Even in VMT just because it fetches/decodes/dispatches for a single core, doesn't mean there aren't two cores. As the FE isn't actually a defining feature of a core, it's an optional feature. They could always skip the front-end and directly interconnect to the cores themselves.
---
Including the FPU, one would have to prove against a similar design that they made a FPU that is only optimized for single-core usage.

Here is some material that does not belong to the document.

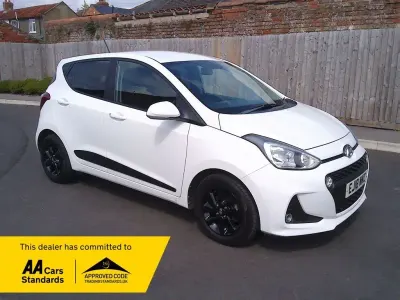 Used Hyundai i10 Premium 87 HP (63 kW) 2018 White Hatchback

Husky per core; 1x 128-bit add + 1x128-bit mul + 1x128-bit fmisc // 84-entry flight window + 42-entry FPU scheduler + 120-entry PRF <== 32-nm node
Bobcat per core; 1x 64-bit add + 1x 64-bit mul // 40-entry flight window + 18-entry FPU scheduler + 88-entry PRF <== 40-nm node
Bulldozer per dual-core; 2x 128-bit Fused-multiply add, 2x 128-bit Packed Integer vALUs // 2*128-entry flight window + 64-entry FPU scheduler + 160-entry PRF <== 32-nm node
Zen per core; 2x128-bit FMUL, 2x128-bit FADD // 192-entry flight window + 36-entry FPU scheduler + 160-entry PRF <== 14-nm node
Clearly, that is not the case.
40nm => 160nm CPP/120nm Mx, 130nm My, and within Intel's 32nm league with density, thus within spitting of GloFo's 32nm.
32nm => 130nm CPP/104nm Mx, two cores Husky and Bulldozer.
14nm => 78nm CPP/64nm Mx, basically two full nodes from 32nm.